Below are some records. Retype exactly the lines from the one containing "Sri Lanka's more" through the one containing "First day you", both included, skipping every picture.

# Given data
◇ ◇ ◇ ◇ ◇

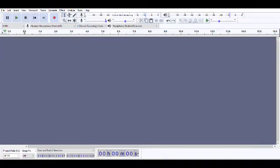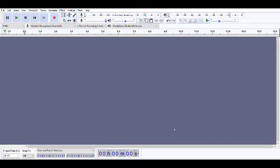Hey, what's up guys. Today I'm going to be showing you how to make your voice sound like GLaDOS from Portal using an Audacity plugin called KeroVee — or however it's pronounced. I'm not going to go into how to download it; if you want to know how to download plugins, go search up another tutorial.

◇ ◇ ◇ ◇ ◇

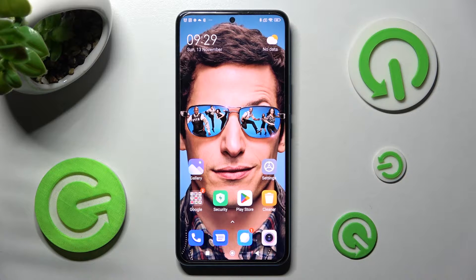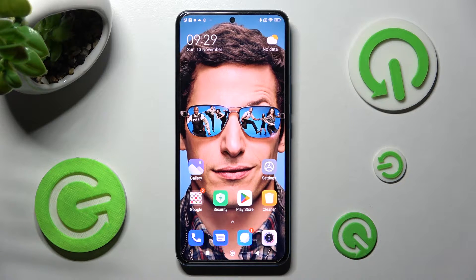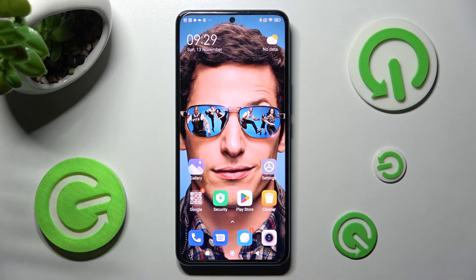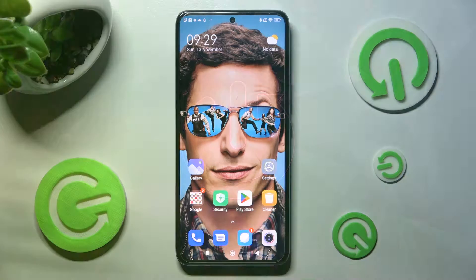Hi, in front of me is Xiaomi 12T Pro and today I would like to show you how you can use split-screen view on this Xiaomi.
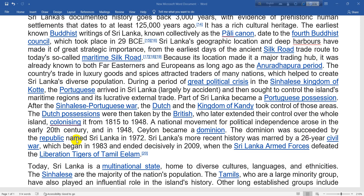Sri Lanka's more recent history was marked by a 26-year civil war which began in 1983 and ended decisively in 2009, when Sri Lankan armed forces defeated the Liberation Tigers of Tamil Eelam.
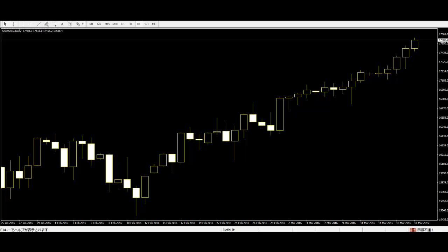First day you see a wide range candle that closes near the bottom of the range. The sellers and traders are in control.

◇ ◇ ◇ ◇ ◇

# Exercise result
Sri Lanka's more recent history was marked by a 26-year civil war which began in 1983 and ended decisively in 2009, when Sri Lankan armed forces defeated the Liberation Tigers of Tamil Eelam.
First day you see a wide range candle that closes near the bottom of the range. The sellers and traders are in control.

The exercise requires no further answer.